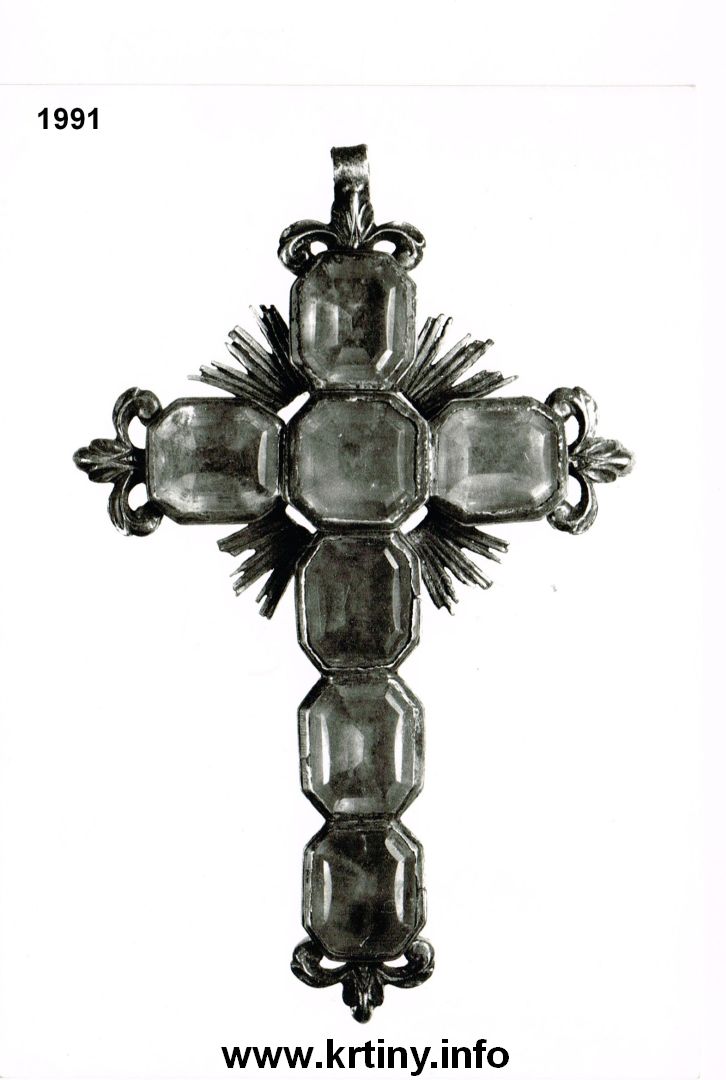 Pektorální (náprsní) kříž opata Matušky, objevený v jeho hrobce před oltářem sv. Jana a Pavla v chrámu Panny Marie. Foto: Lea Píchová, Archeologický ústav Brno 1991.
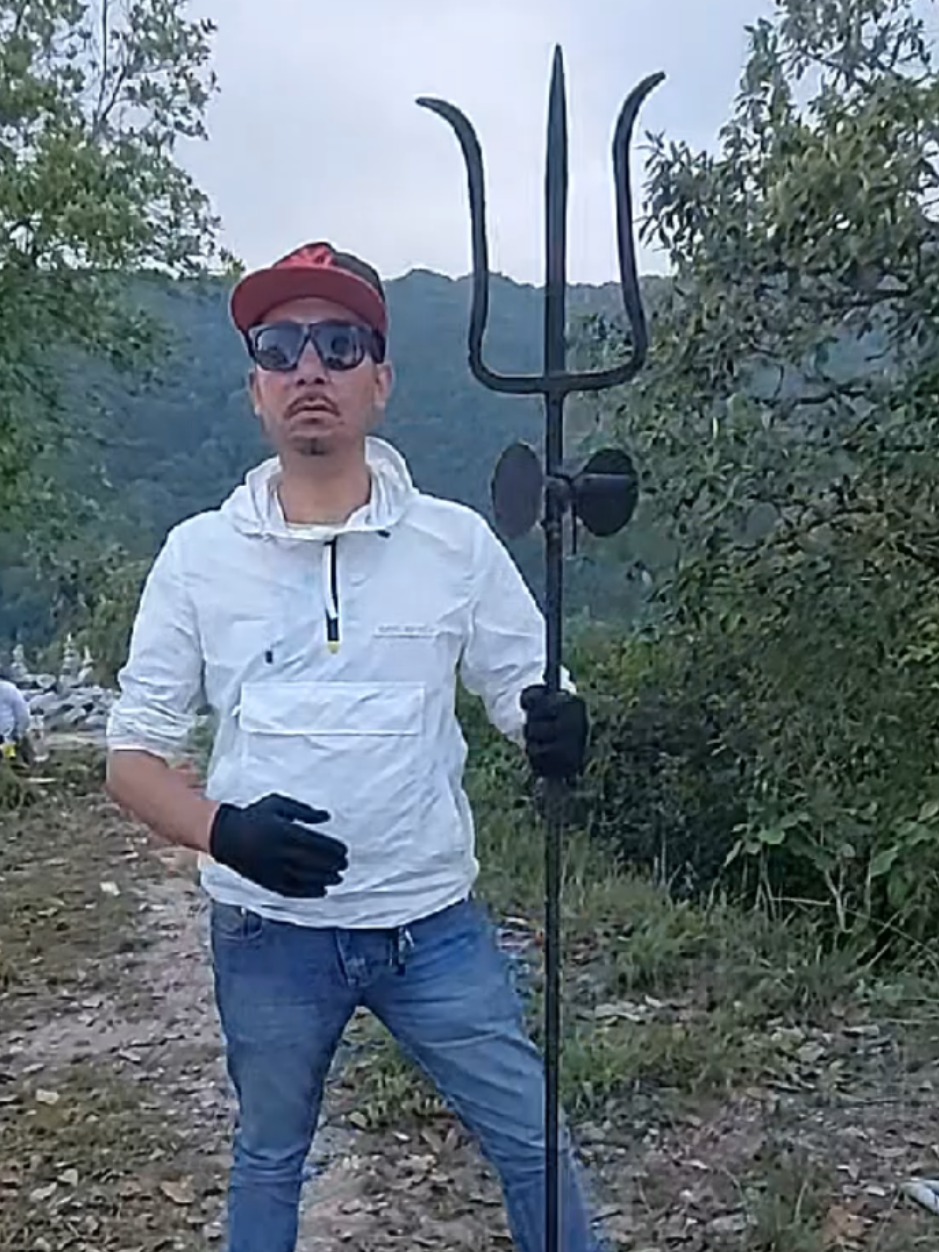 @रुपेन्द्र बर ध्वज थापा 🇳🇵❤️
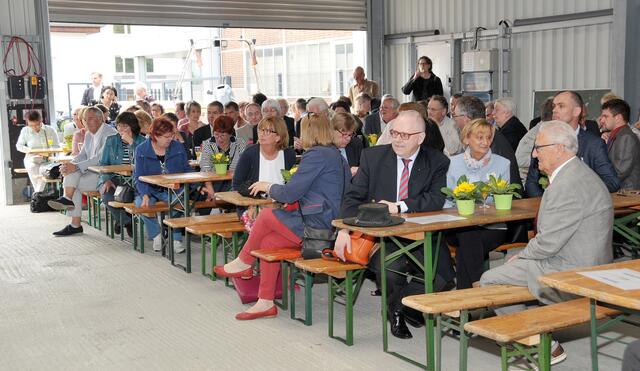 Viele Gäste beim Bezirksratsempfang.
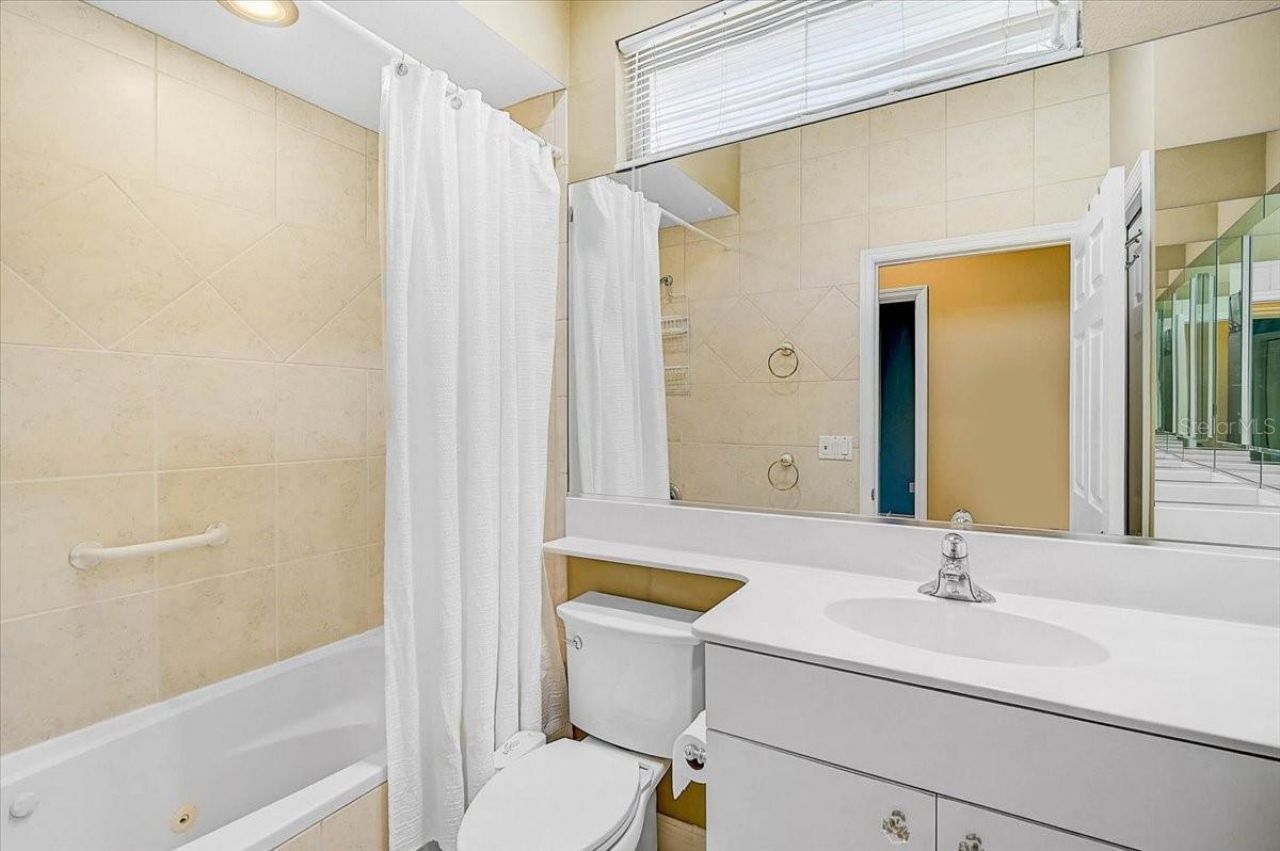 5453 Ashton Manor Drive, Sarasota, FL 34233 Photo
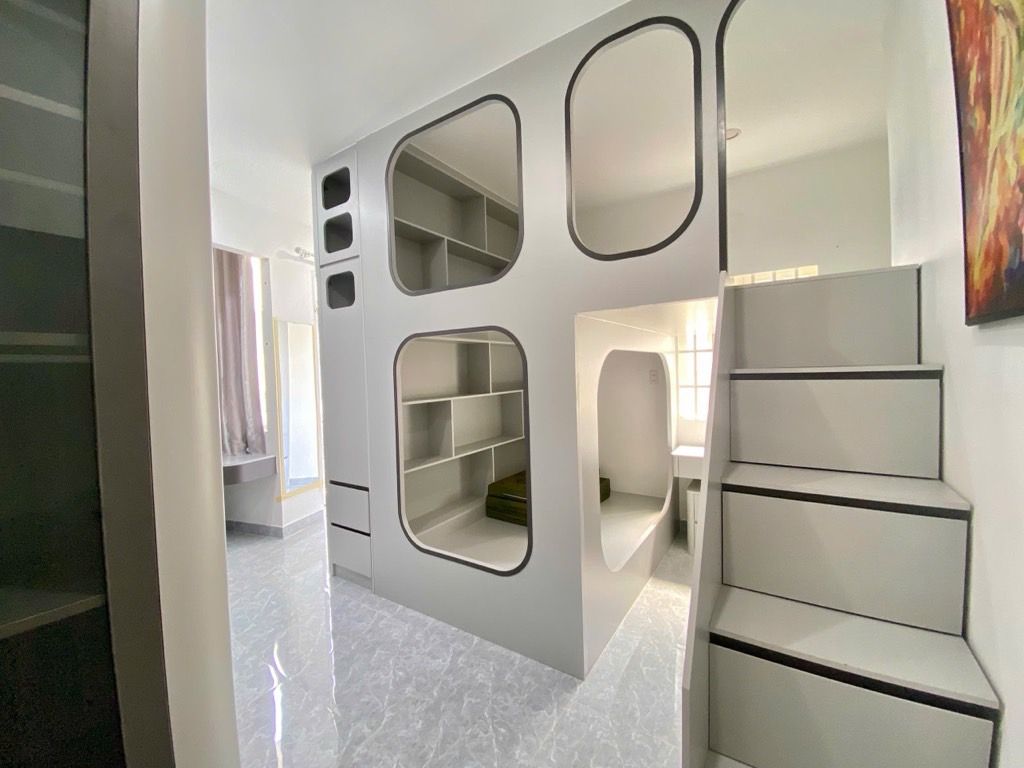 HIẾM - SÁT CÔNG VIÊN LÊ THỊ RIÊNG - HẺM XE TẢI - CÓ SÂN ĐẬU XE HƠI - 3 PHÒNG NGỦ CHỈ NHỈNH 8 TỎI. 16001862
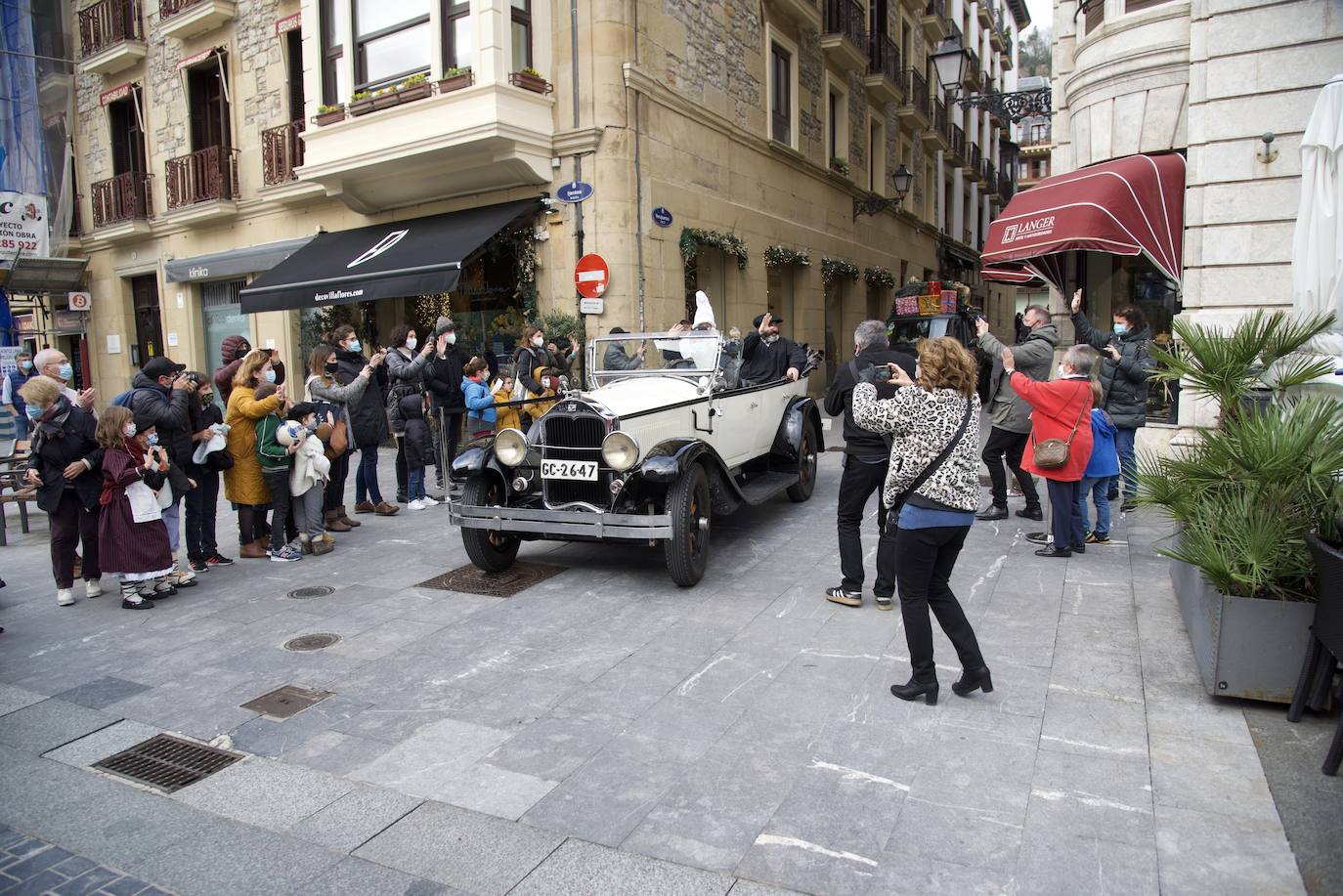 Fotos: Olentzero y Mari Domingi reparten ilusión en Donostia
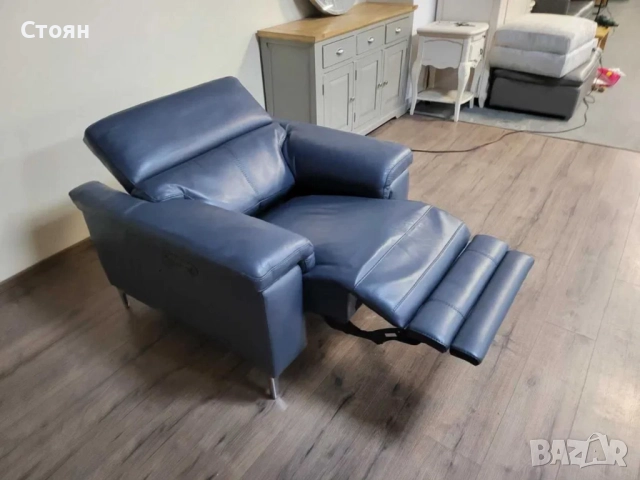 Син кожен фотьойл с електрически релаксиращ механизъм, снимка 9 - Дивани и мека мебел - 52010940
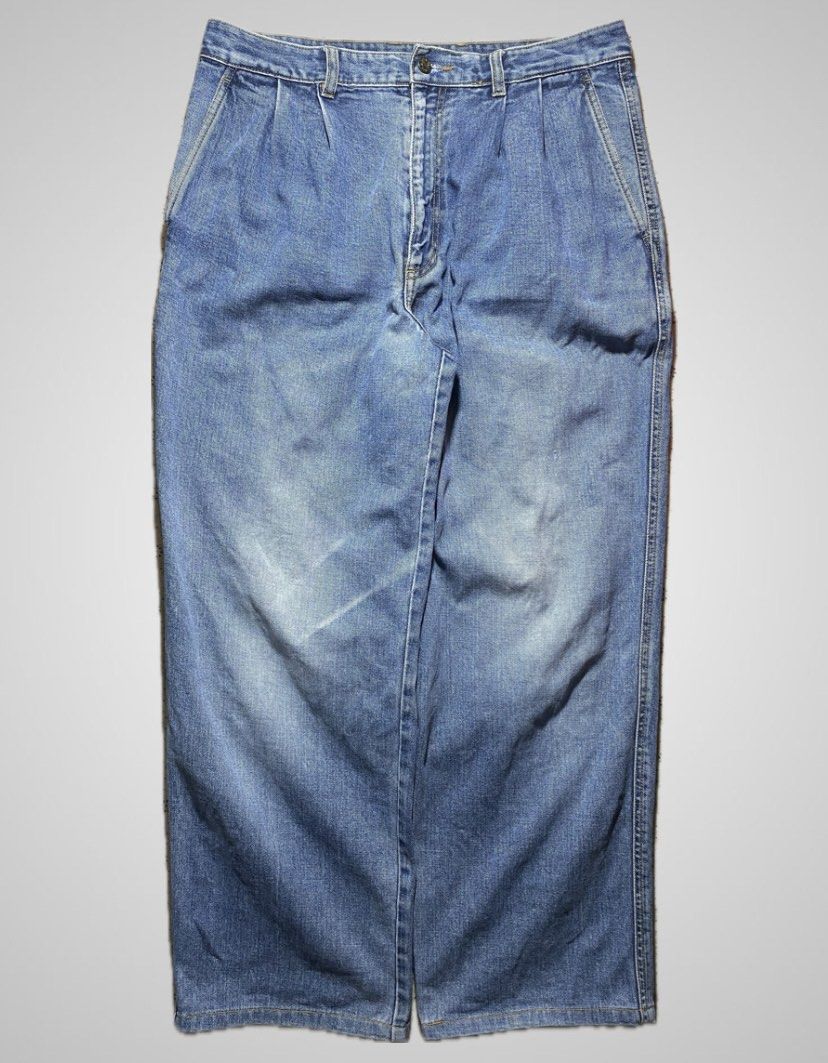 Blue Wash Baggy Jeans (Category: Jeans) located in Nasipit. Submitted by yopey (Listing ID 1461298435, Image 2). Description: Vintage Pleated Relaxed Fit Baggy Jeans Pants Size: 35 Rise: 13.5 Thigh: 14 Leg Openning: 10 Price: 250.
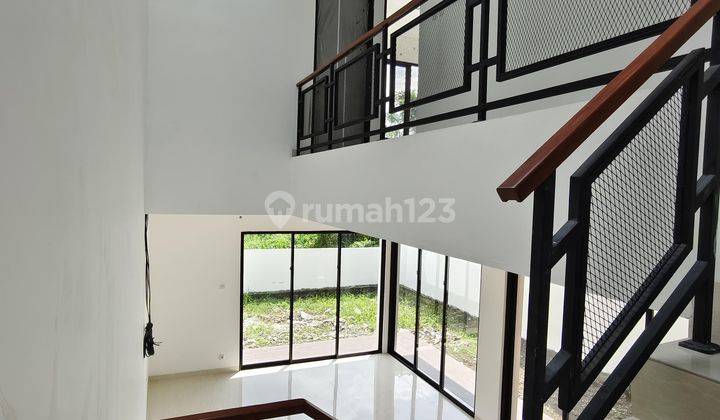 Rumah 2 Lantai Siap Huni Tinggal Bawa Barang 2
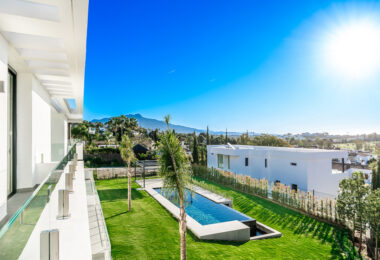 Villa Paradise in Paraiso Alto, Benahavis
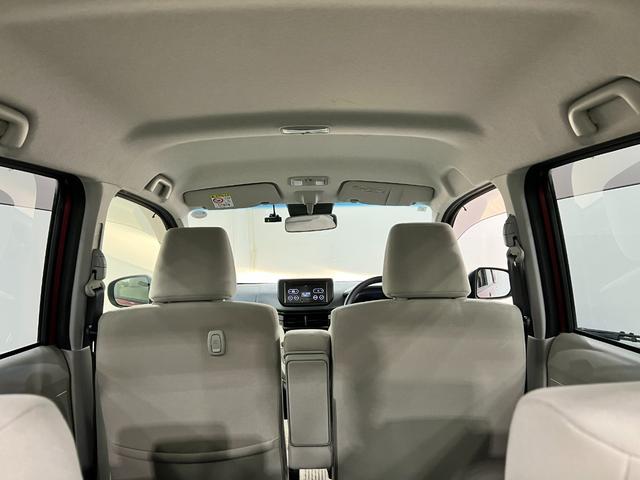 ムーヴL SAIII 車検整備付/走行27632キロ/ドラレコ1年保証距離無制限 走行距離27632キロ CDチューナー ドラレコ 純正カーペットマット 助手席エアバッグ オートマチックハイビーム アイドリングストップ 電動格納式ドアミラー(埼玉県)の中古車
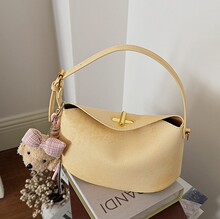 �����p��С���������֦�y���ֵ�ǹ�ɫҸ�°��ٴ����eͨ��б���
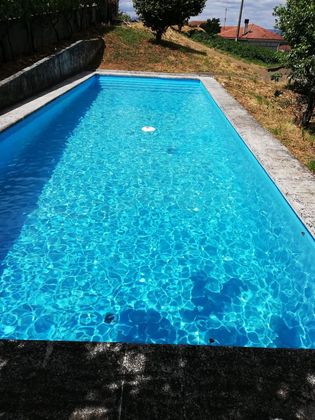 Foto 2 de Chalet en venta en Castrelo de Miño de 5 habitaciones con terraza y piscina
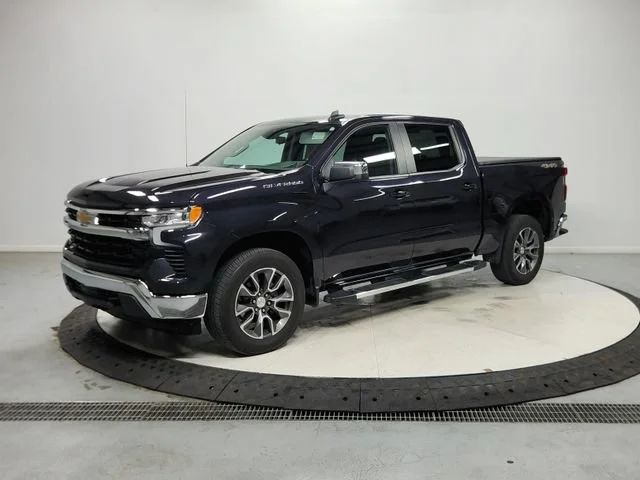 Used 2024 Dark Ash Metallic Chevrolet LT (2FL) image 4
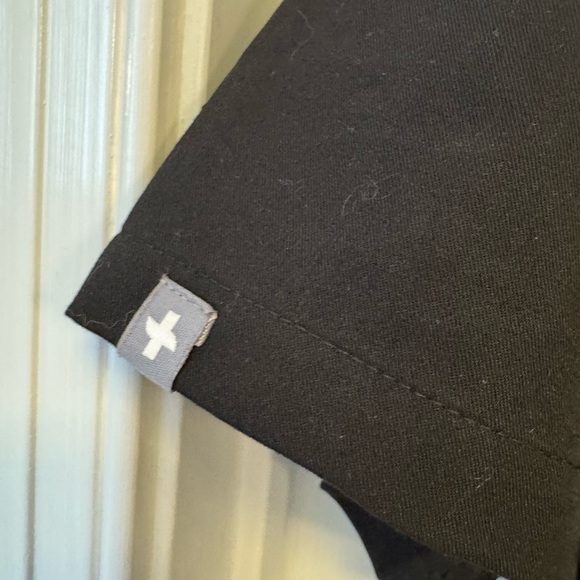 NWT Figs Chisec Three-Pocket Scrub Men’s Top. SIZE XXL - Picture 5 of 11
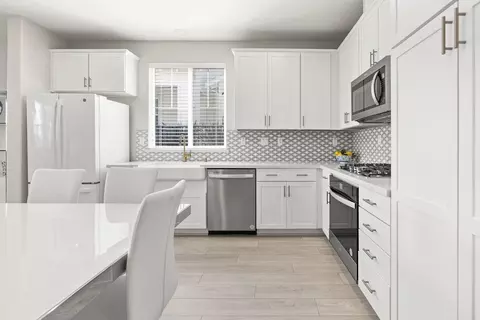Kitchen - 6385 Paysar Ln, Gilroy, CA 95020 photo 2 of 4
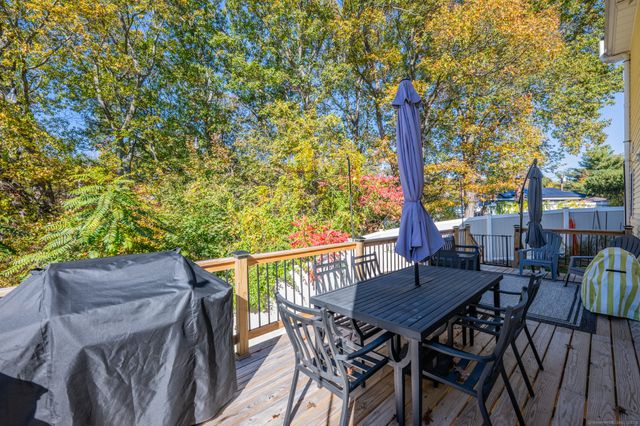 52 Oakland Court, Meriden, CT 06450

• **YOUR ASSIGNMENT**
The whole listing above needs to be copied exactly; please keep the pictures out.

• **TASK SOLUTION**
 Pektorální (náprsní) kříž opata Matušky, objevený v jeho hrobce před oltářem sv. Jana a Pavla v chrámu Panny Marie. Foto: Lea Píchová, Archeologický ústav Brno 1991.
 @रुपेन्द्र बर ध्वज थापा 🇳🇵❤️
 Viele Gäste beim Bezirksratsempfang.
 5453 Ashton Manor Drive, Sarasota, FL 34233 Photo
 HIẾM - SÁT CÔNG VIÊN LÊ THỊ RIÊNG - HẺM XE TẢI - CÓ SÂN ĐẬU XE HƠI - 3 PHÒNG NGỦ CHỈ NHỈNH 8 TỎI. 16001862
 Fotos: Olentzero y Mari Domingi reparten ilusión en Donostia
 Син кожен фотьойл с електрически релаксиращ механизъм, снимка 9 - Дивани и мека мебел - 52010940
 Blue Wash Baggy Jeans (Category: Jeans) located in Nasipit. Submitted by yopey (Listing ID 1461298435, Image 2). Description: Vintage Pleated Relaxed Fit Baggy Jeans Pants Size: 35 Rise: 13.5 Thigh: 14 Leg Openning: 10 Price: 250.
 Rumah 2 Lantai Siap Huni Tinggal Bawa Barang 2
 Villa Paradise in Paraiso Alto, Benahavis
 ムーヴL SAIII 車検整備付/走行27632キロ/ドラレコ1年保証距離無制限 走行距離27632キロ CDチューナー ドラレコ 純正カーペットマット 助手席エアバッグ オートマチックハイビーム アイドリングストップ 電動格納式ドアミラー(埼玉県)の中古車
 �����p��С���������֦�y���ֵ�ǹ�ɫҸ�°��ٴ����eͨ��б���
 Foto 2 de Chalet en venta en Castrelo de Miño de 5 habitaciones con terraza y piscina
 Used 2024 Dark Ash Metallic Chevrolet LT (2FL) image 4
 NWT Figs Chisec Three-Pocket Scrub Men’s Top. SIZE XXL - Picture 5 of 11
Kitchen - 6385 Paysar Ln, Gilroy, CA 95020 photo 2 of 4
 52 Oakland Court, Meriden, CT 06450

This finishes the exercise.